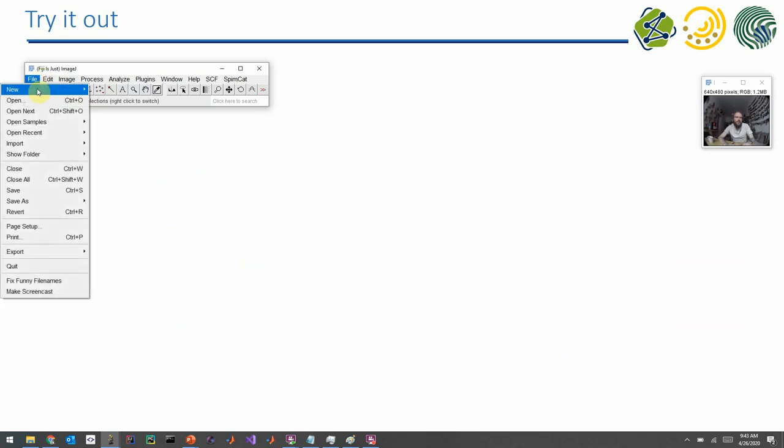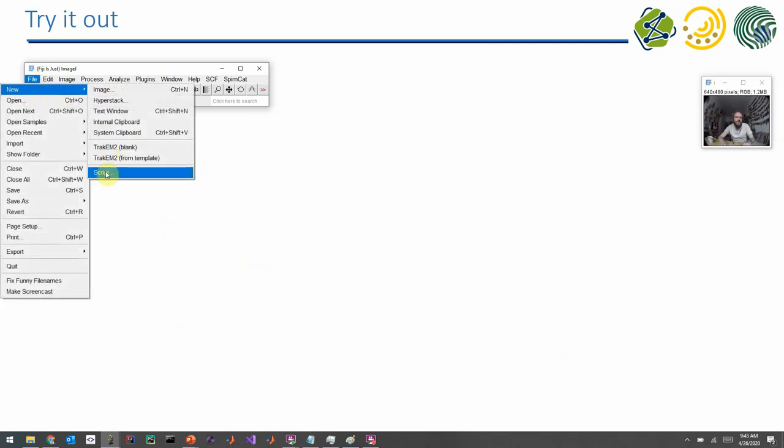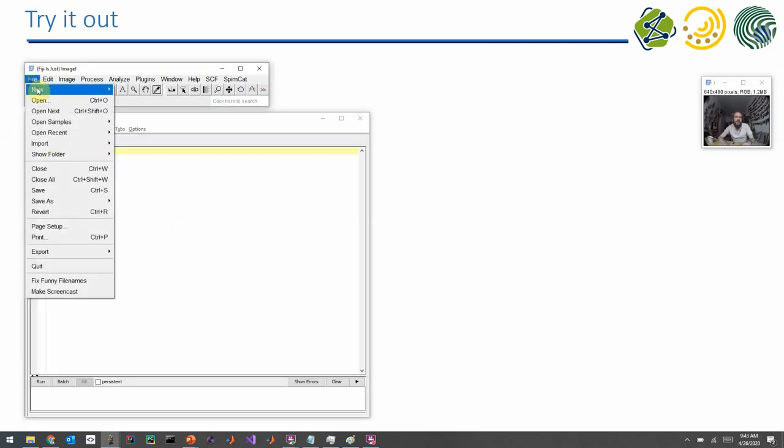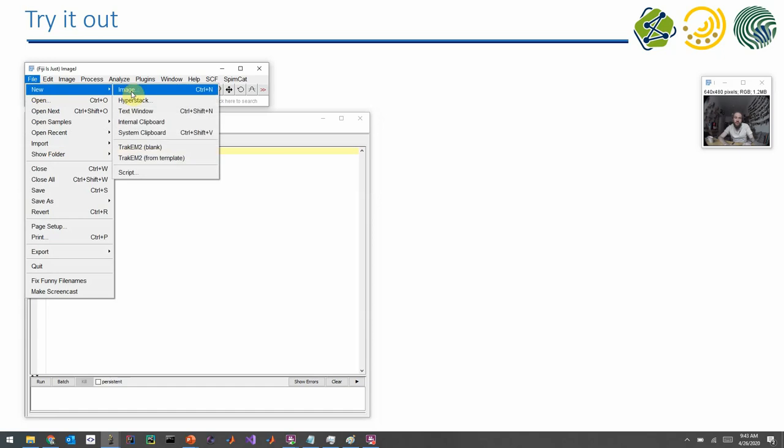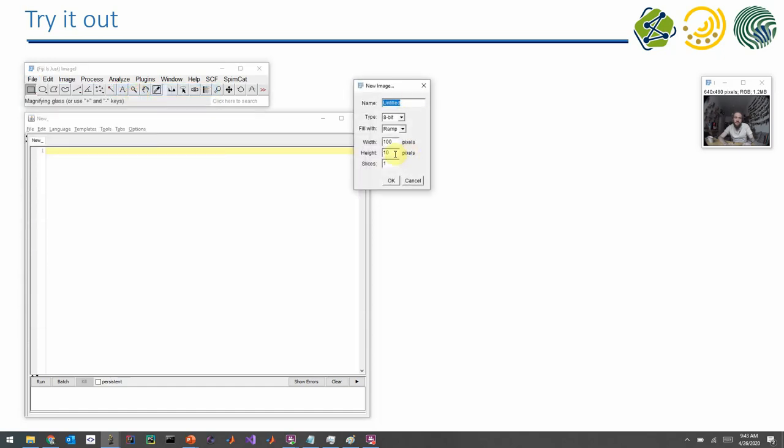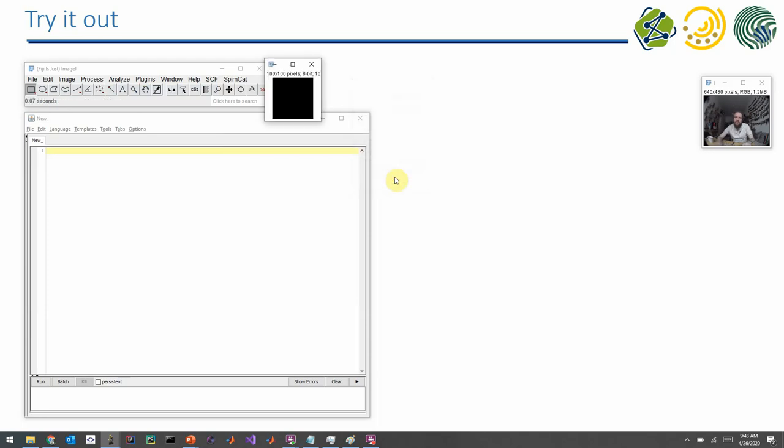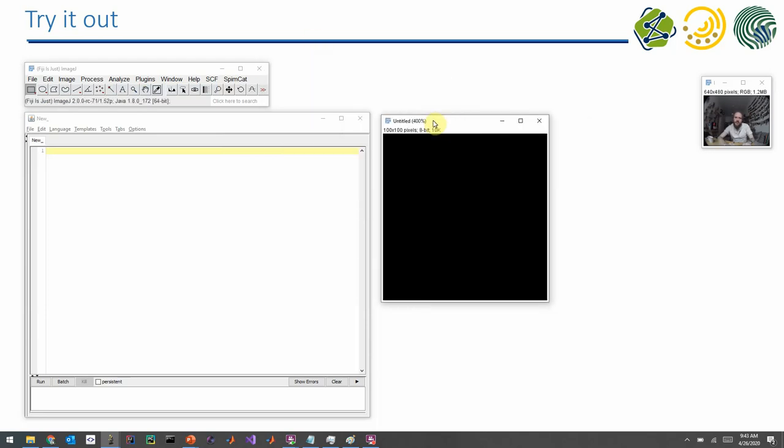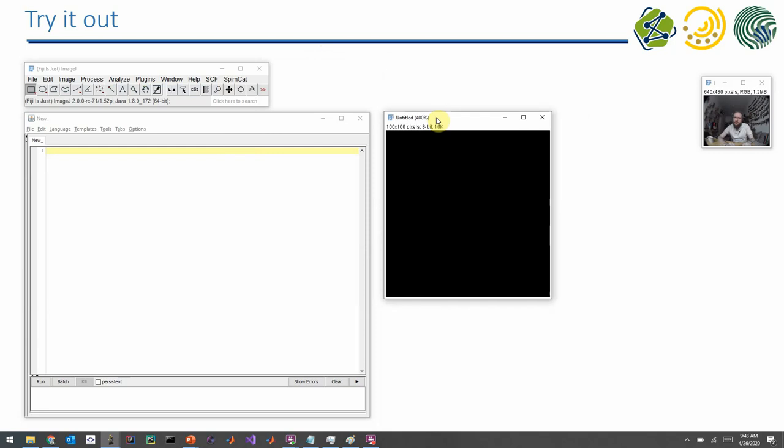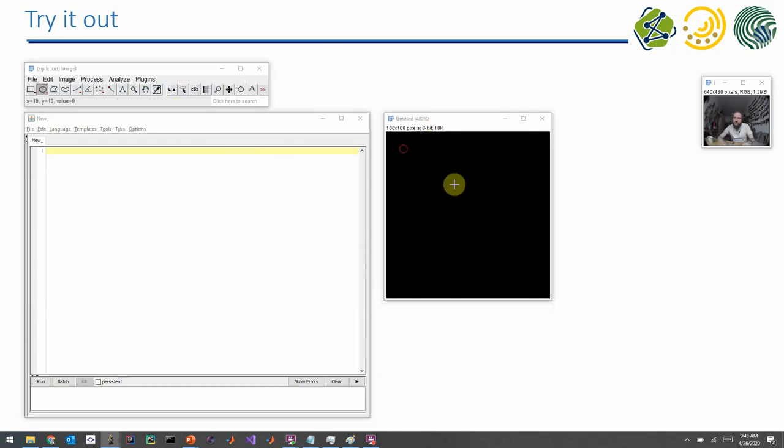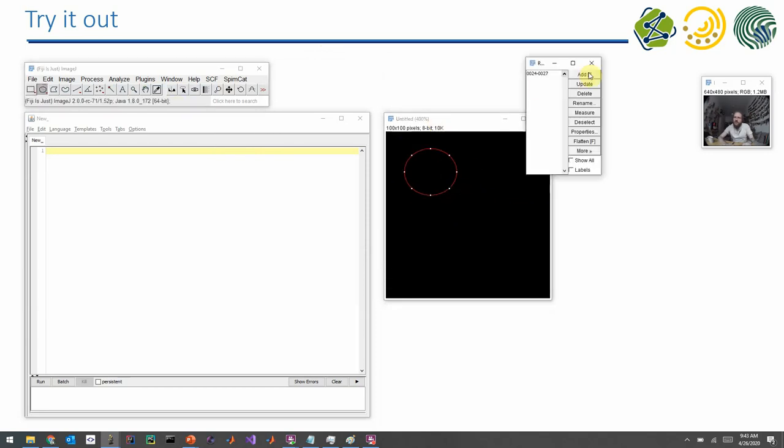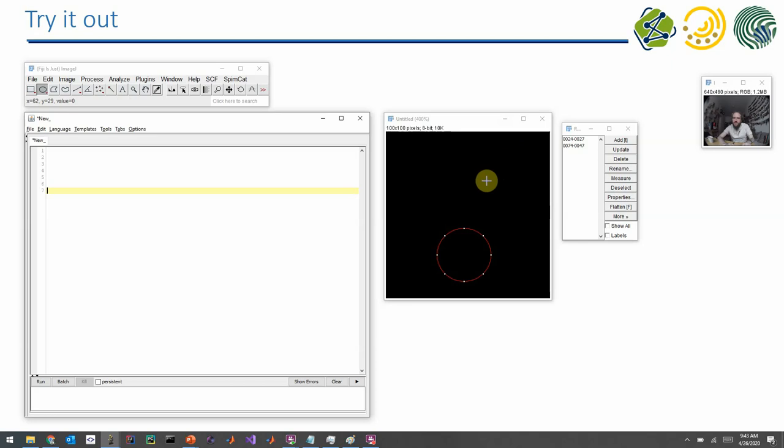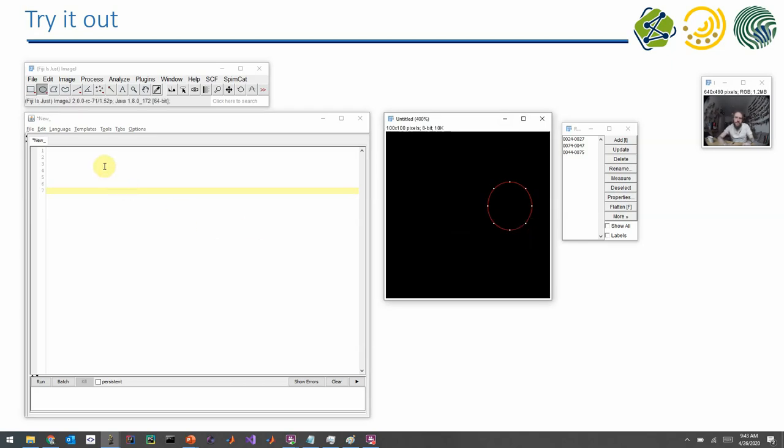Okay, let's try that out. So I start with a new script, and I start with a new image. For example, 100 times 100 pixels, black. And I basically repeat what we did in the first exercise. I draw a circle, I add it to the ROI manager. I draw another circle, I add it to the ROI manager. Maybe I add a third one.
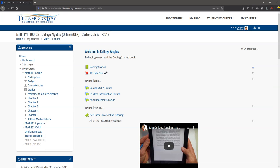Welcome to Math 111 College Algebra. I'm going to give you a guide on how you should navigate this course on Moodle.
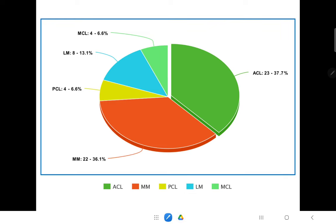The statistical analysis shows the highest injured ligaments were ACL at 23 cases (37.7%) and medial meniscus at 22 cases (36.1%). MCL and PCL were listed subsequently.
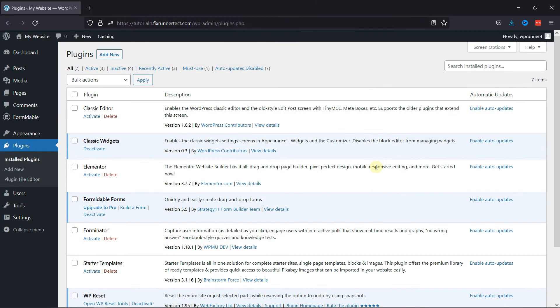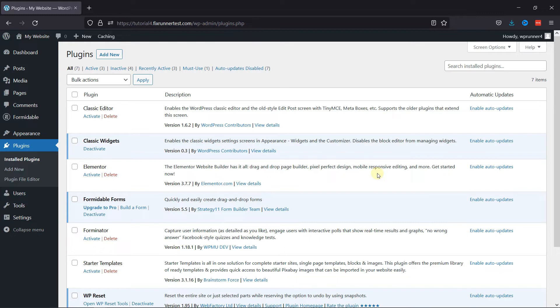First, you need to install and activate the Formidable Forms plugin. I've already installed it. If you want to learn how to install plugins in WordPress, we have a video for that as well. I'll link it in the description below, or you can click on the eye icon on the top right corner of your screen.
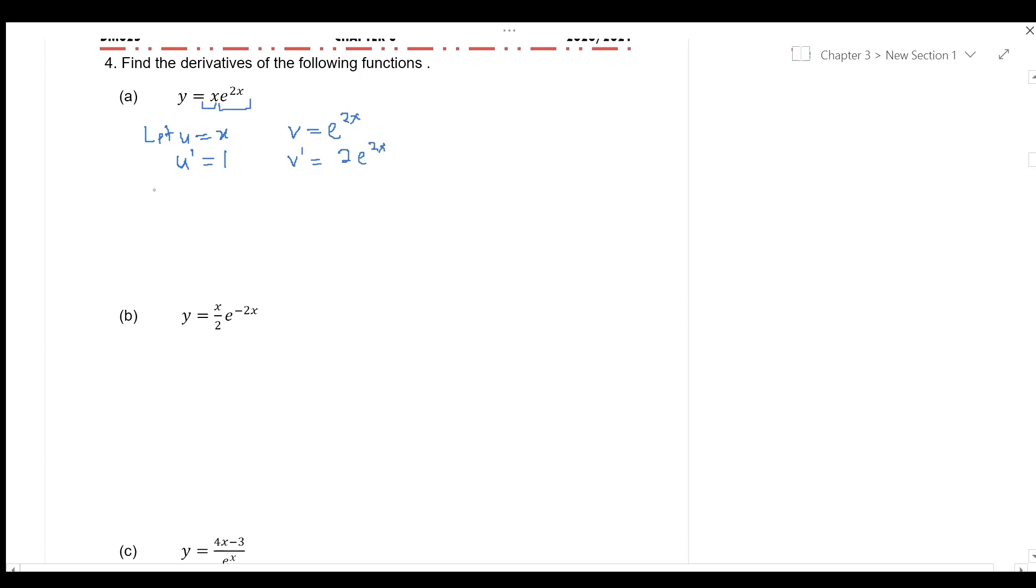v prime is 2 e to the power of 2x. Remember,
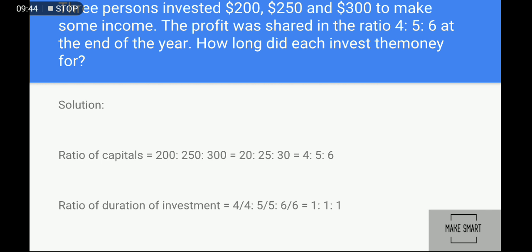Example: Three persons invest two hundred, two hundred fifty, and three hundred to make some income. Profit is shared in the ratio four is to five is to six at the end of the year. How long did each invest? Since the time period is the same for all, we divide the profit ratio four to five to six by the capital values. Dividing gives one is to one is to one, meaning all three invested for the same duration.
== == ==
About this task
The pictures should not be reproduced; quote all of the other material exactly.

Solution to the problem
Okay, let's try that out. So I start with a new script, and I start with a new image. For example, 100 times 100 pixels, black. And I basically repeat what we did in the first exercise. I draw a circle, I add it to the ROI manager. I draw another circle, I add it to the ROI manager. Maybe I add a third one.
Welcome to Math 111 College Algebra. I'm going to give you a guide on how you should navigate this course on Moodle.
The statistical analysis shows the highest injured ligaments were ACL at 23 cases (37.7%) and medial meniscus at 22 cases (36.1%). MCL and PCL were listed subsequently.
First, you need to install and activate the Formidable Forms plugin. I've already installed it. If you want to learn how to install plugins in WordPress, we have a video for that as well. I'll link it in the description below, or you can click on the eye icon on the top right corner of your screen.
v prime is 2 e to the power of 2x. Remember,
Example: Three persons invest two hundred, two hundred fifty, and three hundred to make some income. Profit is shared in the ratio four is to five is to six at the end of the year. How long did each invest? Since the time period is the same for all, we divide the profit ratio four to five to six by the capital values. Dividing gives one is to one is to one, meaning all three invested for the same duration.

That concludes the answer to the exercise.